Começo a me lembrar daquele dia e como nossa conversa fluiu de forma tão boa.

“Tá, naquele dia eu senti algo diferente.” Acabo confessando, e ele dá uma risadinha. “Mas foi a partir daí, eu juro. Antes disso era na mais pura inocência.”

“Ok, eu acredito.” Ele olha para mim, com um olhar relaxado que eu estava amando ver em seu rosto. “Até porque foi o dia que caiu a ficha pra mim também.”

Eu provavelmente virei um pimentão. “Sério?”

“Não pensa demais. Eu só pensei ‘oh, quem sabe’ e prolonguei a conversa.” Ele desvia o olhar. “Mas era a última coisa que eu esperava que fosse acontecer, foi só um pensamento no fundo da minha mente.”

“Se você ficou surpreso, imagine eu, que mal sabia se era possível conversar com você... você estava tão distante.”

“Eu sou distante, essa é minha personalidade normal. Você quem é sem noção mesmo e veio se aproximando.”

“Desculpa.” Eu coraria mais se fosse possível.

“Tudo bem. Você é algo que me dá um pouco mais de vontade de sair da cama.”
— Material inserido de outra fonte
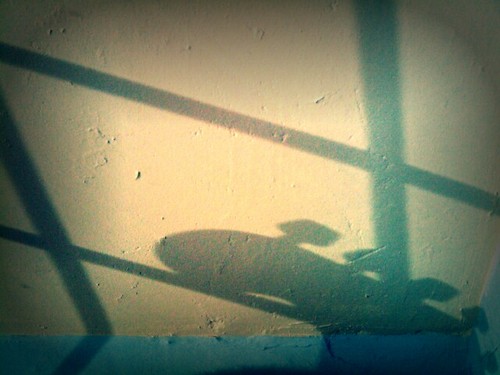 Head Shadow
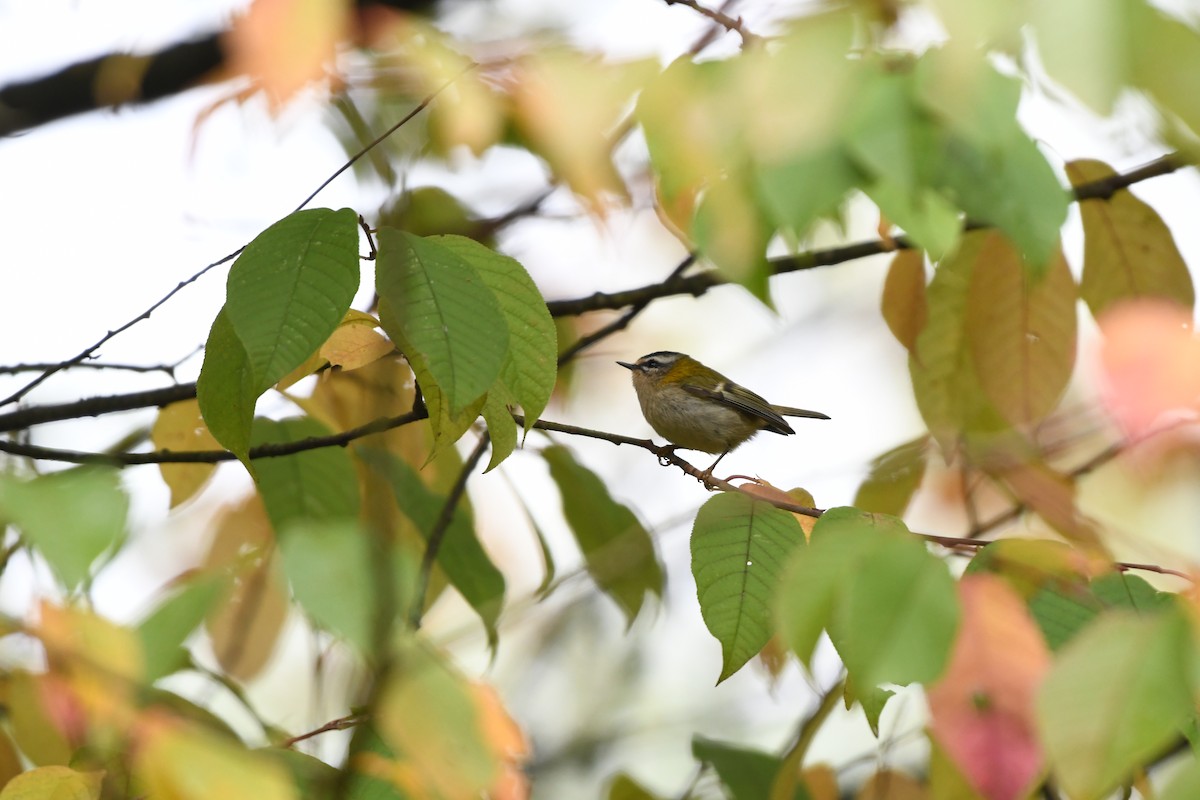 Common Firecrest - ML643299749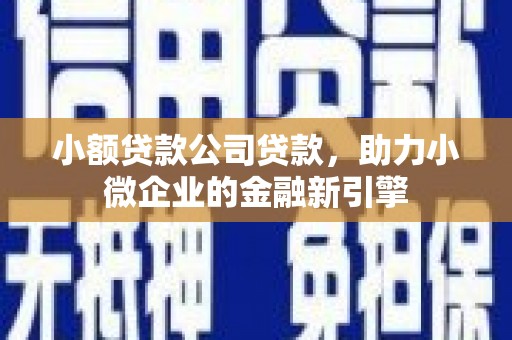 洋山小额贷款公司贷款，助力小微企业的金融新引擎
Isso me deixa tão feliz que eu me aproximo dele no banco, encerando a distância entre nossas pernas.

“Tsc, não é pra ficar à vontade de novo.” Ele me olha torto, em tom de brincadeira.

“Não tô. Só quero ficar mais perto de você.”

Ele ri suavemente e morde o lábio. “Por que eu, hein? Por que foi cismar justo com o mais fodido desse lugar?”

“Por que não?” Eu retruco, e ele me olha.

Sem dizer mais nada, ele descansa a cabeça em meu ombro e eu coloco o braço em torno de seu corpo. Ficamos assim por um tempinho, até que um assunto novo surge e tornamos a conversar.

Não nos beijamos de novo nessa noite, mas meu coração bate forte como na noite anterior até eu conseguir dormir.

Eu não esperava nada disso, mas isso não poderia estar sendo melhor. E espero muito que para ele também.

~*~

Acho que esse foi o dia em que menos prestei atenção em nada. Minha mente pensava em qualquer coisa relacionada ao Levi, como seus olhos azuis acinzentados maravilhosos, seu nariz pequeno e levemente arrebitado, seus lábios finos que eu mal esperava beijar de novo... Hanji com certeza notou isso, já que teve que chamar minha atenção milhares de vezes durante a nossa conversa. Ela me olha o tempo todo com cara de desconfiada e eu não falo nada, claro.

Já esperava que só veria Levi no fim do dia, depois de todas as atividades, e conto os minutos para que tudo acabe. E lá estava ele, sentado perto dos telefones. Eu vou até ele, tentando controlar a alegria, e me sento ao seu lado.

“Ei.” Eu cumprimento.

“Ei.” Ele fala suavemente. “Como foi o dia?”

É engraçado vê-lo se forçando a puxar assunto. “Bom. E o seu?”

“O mesmo de sempre.” Ele boceja. “Não dormi muito bem.”

“Sério?” Fico um tanto preocupado. Dormi como um bebê pensando nele, e algo em mim esperava que fosse ser assim com ele também.

“Sim. A noite é o momento mais difícil pra mim, minha mente não para.” Ele se ajeita, desconfortável.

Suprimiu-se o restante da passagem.